The chairs we sat in.

Looking for a starting point, thinking how I could convey quiet absence through drawing and also while having limited resources myself, in isolation, I started to draw empty chairs. Office chair, school chair, park bench and bar stools were replaced by settee, three piece suite and arm chair.

An empty chair can also be a poignant reminder of person no longer with us.

At the beginning of the pandemic there were some difficult times and great uncertainty, there still are, but now there is some normality coming back into the everyday goings on, for society as a whole, shops opening, some children going back to school, some work resuming and non emergency medical appointments and some people have lost people they love.

Interiors

Covid19 current times, we’ve have all been living, a lot more than usual, within our four walls. I wanted to illustrate that by doing some drawings about those moments when we would be doing things in our homes, shopping online, staring into space, reading, scrolling on social media, exercising and cooking.

One of the things I like to do is create rooms or places where we live on the surface of an envelope, a bit like creating a room in a dolls house. Collected images of heavily patterned fabric or paper scanned or photographed, manipulated in Photoshop, to create a scaled down wallpaper or pattern to fit a mini interior. Then I turn it in to a transfer to insert into the scene drawn on the envelope. Slightly absurd I’m aware!

Bookish (The reader)

Picture above shows someone reading in an interior environment. Drawn on old envelope.

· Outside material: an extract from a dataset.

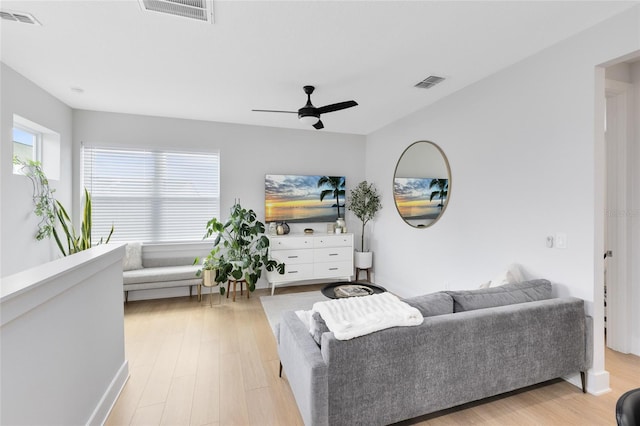8290 Nemours Pkwy, Orlando, FL 32827 - living room featuring ceiling fan and light wood finished floors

Way before we’d even imagined a life with quarantines and lockdowns I was given this old wallpaper sample book I’m going to use it to create some interiors.

University of Salford Collections Covid19

Hot Bed Press in Salford, is where my studio is and where I go to work as an artist, thanks to them and University of Salford Collections I have been selected as an artist to create work responding to the Coronavirus and the way it has and continues to change the way we live. Lots of people have lost work, with immediate loss of income myself included. The importance of this commission is to allow me to work as an artist, to respond ‘put pen to paper’.

The brief asks us to using our current style and ways of working to explore the situation we find ourselves in

Having lived for the best part of twenty years in a high rise block of flats I count myself very lucky to have just moved out before this pandemic started and now live in a house with a yard ( this was a huge adjustment for me and amazingly exciting for my little girl we have stairs!) It is really astonishing for me to observe nature in my yard in the same way I used view the world from above in my 10th floor window. Obviously viewing the world from above is unique and interesting perspective but living high rise accommodation with small children is difficult, it is trapping and I really feel for my old friends and neighbours at this time.

As always I start my investigation into drawing by looking around at environment, drawing, list writing and taking photos. Some of the moments, during lockdown isolation have been swinging from panic to mundanity, at times I can be found staring at the ground and because my yard was not brimming with nature, observing life in the back yard is more microscopic, then small interactions with insects become loaded with great significance.

So this is where it starts, staring at the ground, who knows where it will lead I’m grateful to be given the opportunity to think about it.

work in progress

Today has been a busy day, aside from photographing storm fallen unearthed trees (drawing at a later date)  I’ve been completing or adding to a few pieces of work, I’m not quite sure if they are finished, I’ve photographed them anyway. I often draw and leave for a while to give myself time to contemplate adding new elements, maybe some print or collage…sometimes I’m just not able to come up with anything then I have a lightbulb moment. Mostly I’ve been adding a few splashes of colour with transfer to these envelopes today then I needed to photograph them, during this process I have thought about new ways of presenting and displaying the work.

Back of the envelope

Back of the envelope:- a phrase meaning to calculate and work things out. It is inferred that our light bulb moments come from rough doodles on a throw away scrap of paper, when doodling on a piece of paper of no value your mind is free to do your best work.

Drawing on envelopes to repurpose paper that has touched our lives but has then been discarded and forgotten, but not always entirely some stored beneath floorboards, in disorderly piles on shelves and crammed into the back of cabinets, by strange people like me who can’t throw things away.

Attaching importance to inanimate objects is something that all human beings do, the question is what are the important ‘things’  it is inevitable that things become throwaway eventually. With a thrifty temperament and collector’s disposition it’s natural to amass great piles of envelopes and begin a journey to scribble, squiggle and sketch onto an old envelope.

Patterns and plush velour sofa, chair, settee or a three piece suite… sofa so good or a blustery bus stop. Pictures observing pause a moment to reflect, a temporary stop, reset your batteries.